The problem with taking money from big VC's. - spitfire
http://cdixon.org/2009/08/14/the-problem-with-taking-seed-money-from-big-vcs/

======
relaunched
The content of this post isn't unique to BIG VCs. Anytime you take money from
someone that is capable of following-on, and they don't, it's a major bad
signal. However, on the flip side, a professional VC that comes in at A or
later is going to know that any investor w/ a strategy that doesn't include
following on, is gonna be biased in the other direction.
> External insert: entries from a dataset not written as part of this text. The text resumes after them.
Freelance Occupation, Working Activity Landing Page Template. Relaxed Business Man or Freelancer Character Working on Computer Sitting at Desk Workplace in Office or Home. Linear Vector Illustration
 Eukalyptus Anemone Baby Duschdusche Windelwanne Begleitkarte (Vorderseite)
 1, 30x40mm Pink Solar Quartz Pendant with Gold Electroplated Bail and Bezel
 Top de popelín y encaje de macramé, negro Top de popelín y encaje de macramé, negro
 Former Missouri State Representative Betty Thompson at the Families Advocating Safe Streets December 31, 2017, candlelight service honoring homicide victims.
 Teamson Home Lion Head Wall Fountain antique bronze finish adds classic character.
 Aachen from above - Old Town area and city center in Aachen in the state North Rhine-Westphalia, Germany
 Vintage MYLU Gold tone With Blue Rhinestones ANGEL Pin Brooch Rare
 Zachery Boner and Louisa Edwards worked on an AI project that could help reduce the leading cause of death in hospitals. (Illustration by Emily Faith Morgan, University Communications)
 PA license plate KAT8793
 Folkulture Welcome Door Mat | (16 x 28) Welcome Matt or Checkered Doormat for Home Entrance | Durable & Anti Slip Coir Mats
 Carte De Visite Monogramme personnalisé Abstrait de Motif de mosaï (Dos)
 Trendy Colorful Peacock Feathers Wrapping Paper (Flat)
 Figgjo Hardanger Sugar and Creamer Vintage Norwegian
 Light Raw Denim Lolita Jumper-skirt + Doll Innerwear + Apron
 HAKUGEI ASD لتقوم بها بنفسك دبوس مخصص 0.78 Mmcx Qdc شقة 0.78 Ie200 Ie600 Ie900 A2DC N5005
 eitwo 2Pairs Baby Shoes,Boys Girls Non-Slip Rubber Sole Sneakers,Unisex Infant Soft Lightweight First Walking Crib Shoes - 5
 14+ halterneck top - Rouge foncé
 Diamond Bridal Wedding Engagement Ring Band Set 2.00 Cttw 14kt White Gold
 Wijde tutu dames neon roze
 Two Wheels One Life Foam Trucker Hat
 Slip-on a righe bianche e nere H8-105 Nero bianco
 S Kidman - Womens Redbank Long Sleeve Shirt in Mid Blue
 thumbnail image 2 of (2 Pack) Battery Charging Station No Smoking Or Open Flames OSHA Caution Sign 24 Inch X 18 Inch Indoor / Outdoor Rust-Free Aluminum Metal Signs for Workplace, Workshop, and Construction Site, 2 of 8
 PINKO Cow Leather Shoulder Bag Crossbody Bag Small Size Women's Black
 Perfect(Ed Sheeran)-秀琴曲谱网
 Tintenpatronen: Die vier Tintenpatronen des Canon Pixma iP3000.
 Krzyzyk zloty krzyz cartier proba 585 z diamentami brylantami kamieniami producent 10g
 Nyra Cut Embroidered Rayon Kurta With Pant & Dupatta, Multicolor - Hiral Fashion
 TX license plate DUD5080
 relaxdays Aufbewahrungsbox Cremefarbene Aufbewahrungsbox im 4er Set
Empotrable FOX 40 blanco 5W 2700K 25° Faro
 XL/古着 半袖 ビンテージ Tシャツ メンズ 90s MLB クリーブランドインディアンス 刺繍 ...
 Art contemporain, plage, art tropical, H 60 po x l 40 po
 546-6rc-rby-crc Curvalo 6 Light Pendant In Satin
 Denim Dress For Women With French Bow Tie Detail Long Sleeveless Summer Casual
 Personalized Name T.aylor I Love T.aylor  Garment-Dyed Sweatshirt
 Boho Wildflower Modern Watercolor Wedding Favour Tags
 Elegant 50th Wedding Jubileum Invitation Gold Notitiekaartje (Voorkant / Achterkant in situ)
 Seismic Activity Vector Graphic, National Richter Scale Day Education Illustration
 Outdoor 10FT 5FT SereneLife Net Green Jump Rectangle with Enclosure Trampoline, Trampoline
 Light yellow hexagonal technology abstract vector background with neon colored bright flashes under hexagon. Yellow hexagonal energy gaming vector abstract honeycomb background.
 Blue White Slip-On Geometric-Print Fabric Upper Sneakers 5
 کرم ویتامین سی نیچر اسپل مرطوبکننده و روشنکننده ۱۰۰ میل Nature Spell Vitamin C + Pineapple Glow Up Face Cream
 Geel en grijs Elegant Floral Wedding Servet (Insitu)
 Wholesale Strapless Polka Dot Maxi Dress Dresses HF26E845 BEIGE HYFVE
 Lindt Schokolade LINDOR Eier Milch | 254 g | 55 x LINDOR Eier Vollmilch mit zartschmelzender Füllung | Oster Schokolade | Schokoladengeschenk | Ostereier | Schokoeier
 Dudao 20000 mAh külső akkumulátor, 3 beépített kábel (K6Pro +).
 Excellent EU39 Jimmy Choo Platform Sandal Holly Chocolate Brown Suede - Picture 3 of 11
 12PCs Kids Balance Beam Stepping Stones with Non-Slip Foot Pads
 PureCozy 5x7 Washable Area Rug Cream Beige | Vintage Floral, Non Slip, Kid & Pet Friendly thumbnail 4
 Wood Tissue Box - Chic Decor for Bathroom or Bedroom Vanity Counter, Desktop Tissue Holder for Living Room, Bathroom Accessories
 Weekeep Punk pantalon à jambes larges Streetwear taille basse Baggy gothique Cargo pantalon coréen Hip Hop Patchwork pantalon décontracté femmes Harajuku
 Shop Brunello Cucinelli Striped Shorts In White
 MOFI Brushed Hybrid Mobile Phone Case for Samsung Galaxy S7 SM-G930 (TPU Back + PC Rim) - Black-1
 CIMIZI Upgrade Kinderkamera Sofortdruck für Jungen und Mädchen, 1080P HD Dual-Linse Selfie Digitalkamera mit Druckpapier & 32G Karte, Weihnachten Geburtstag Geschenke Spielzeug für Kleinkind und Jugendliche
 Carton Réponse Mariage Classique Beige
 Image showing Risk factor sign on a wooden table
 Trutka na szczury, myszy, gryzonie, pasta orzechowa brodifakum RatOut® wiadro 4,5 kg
The bigger miss, from a post like this, is saying the problem is getting in
bed with a BIG VC too early. Take money where you can get it from, if you need
it. Most people will never be in a position to choose one firm's money over
another. And today's climate, most rounds are syndicated (this post is a few
years old). However, the risk / rewards of getting involved with any
professional investor is they give you capital to accelerate growth, but will
kill you if you fail to meet or exceed expectations. Big VCs want to follow on
and aren't looking to tank a successful company. However, if you don't do your
job, they won't normally throw good money after bad.

Investors only become a problem if the founder(s) don't do their job, which is
to grow HUGE FAST! If you do that, you won't have to worry about the
aforementioned situation where a BIG VC failing to follow-on kills you in a
future round.